Nach Angaben der Berlinale ist Otero die jüngste Gewinnerin in der Geschichte des Festivals. Im Film spielt sie ein achtjähriges Kind. Von seiner Familie wird es beim männlichen Vornamen Aitor gerufen, aber das scheint sich nicht richtig anzufühlen. Während eines Sommerurlaubs im Baskenland vertraut sich das Kind einer Verwandten an. Und die Identitätssuche des Kindes wird zur Herausforderung für die ganze Familie.
Silberner Bär für "Roter Himmel"
Der Goldene Bär ging an den Dokumentarfilm "Sur l'Adamant" des französischen Regisseurs Nicolas Philibert. Der Film erzählt von einer Hilfseinrichtung für Menschen mit psychischen Problemen auf einem Schiff auf der Seine in Paris. Auch zwei Filme von deutschen Regisseuren wurden prämiert. So erhielt "Roter Himmel" von Christian Petzold den Großen Preis der Jury und damit einen Silbernen Bären. Und Filmemacherin Angela Schanelec wurde für ihre Ödipus-Adaption "Music" der Drehbuchpreis zugesprochen.
Die Österreicherin Thea Ehre erhielt den Silbernen Bären für die beste schauspielerische Leistung in einer Nebenrolle. Ehre spielt in Christoph Hochhäuslers Krimi "Bis ans Ende der Nacht" eine Transfrau, die mit einem Polizisten verdeckt im Drogenmilieu ermitteln soll. Diese Performance habe sie umgehauen, sagte Jury-Präsidentin Kristen Stewart in ihrer Laudatio. Als Stewart den Gewinnernamen nennen wollte, fand sie zunächst den Zettel nicht und musste lachen: "Wo ist unser Blatt?" Den Namen wusste sie aber auch auswendig.
Porträt von Puppenspielern
Der Franzose Philippe Garrel erhielt den Silbernen Bären für die beste Regie, in seinem Film "Le grand chariot" porträtiert er eine Puppenspielerfamilie. Der Preis der Jury ging an das Psychodrama "Mal Viver" des portugiesischen Regisseurs João Canijo, das von mehreren Frauen in einem alten Hotel erzählt. Die Kamerafrau Hélène Louvart wurde für eine herausragende künstlerische Leistung für das Drama "Disco Boy" geehrt. Franz Rogowski spielt darin einen Mann, der aus Belarus flieht und der französischen Fremdenlegion beitritt.

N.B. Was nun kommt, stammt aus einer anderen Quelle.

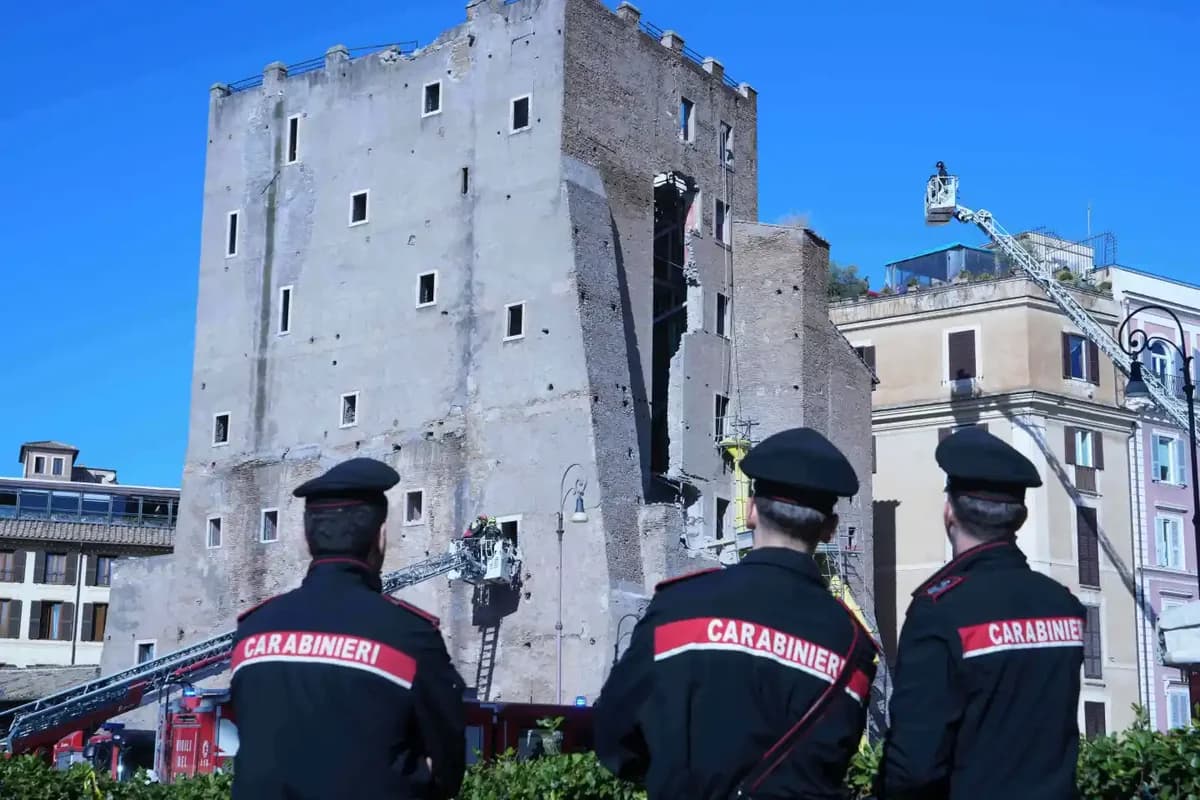 Rom: Mittelalterlicher Turm stürzt ein - Mindestens drei Verletzte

Die Berlinale zählt neben Cannes und Venedig zu den großen Filmfestivals. In den vergangenen Tagen waren unter anderem US-Regisseur Steven Spielberg, Schauspielerin Cate Blanchett und Hollywoodstar Anne Hathaway in Berlin. Während des Festivals war auch an den Krieg in der Ukraine und die Lage im Iran erinnert worden. Kulturstaatsministerin Claudia Roth gratulierte den Preisträgerinnen und Preisträgern - sie stünden für eine Filmkunst des Menschseins und der Menschlichkeit, der Herzen und der Hoffnung auf Freiheit und Selbstbestimmung.

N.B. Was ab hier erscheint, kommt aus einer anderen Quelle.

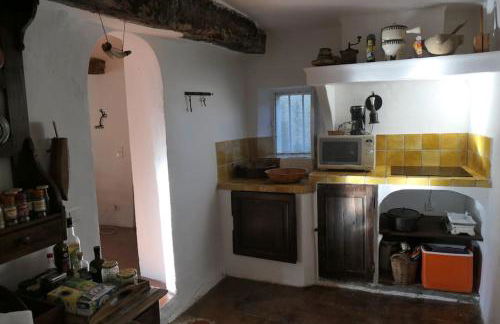 Le Baguier, maison de caractère dans hameau typique provençal - Foto 21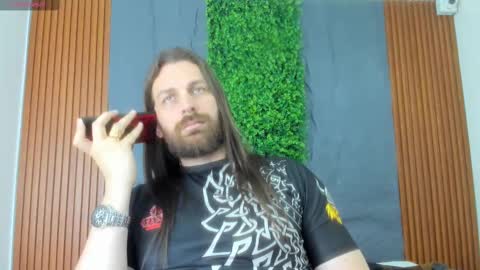 THE CAPTAIN online show from December 2, 6:32 pm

Filmkunst der Menschlichkeit
Filmkunst der Menschlichkeit, das trifft auch auf den Gewinnerfilm "Sur l'Adamant" zu. Der Dokumentarfilm erzählt von einer ungewöhnlichen Tagesklinik in Paris - einer Hilfseinrichtung, die in einem schwimmenden Gebäude auf der Seine untergebracht ist. Hier finden psychisch Kranke stundenweise Aufmerksamkeit, Beschäftigung und Hilfe. Sie können an Workshops teilnehmen, an Kursen, oder auch einfach nur mit anderen reden.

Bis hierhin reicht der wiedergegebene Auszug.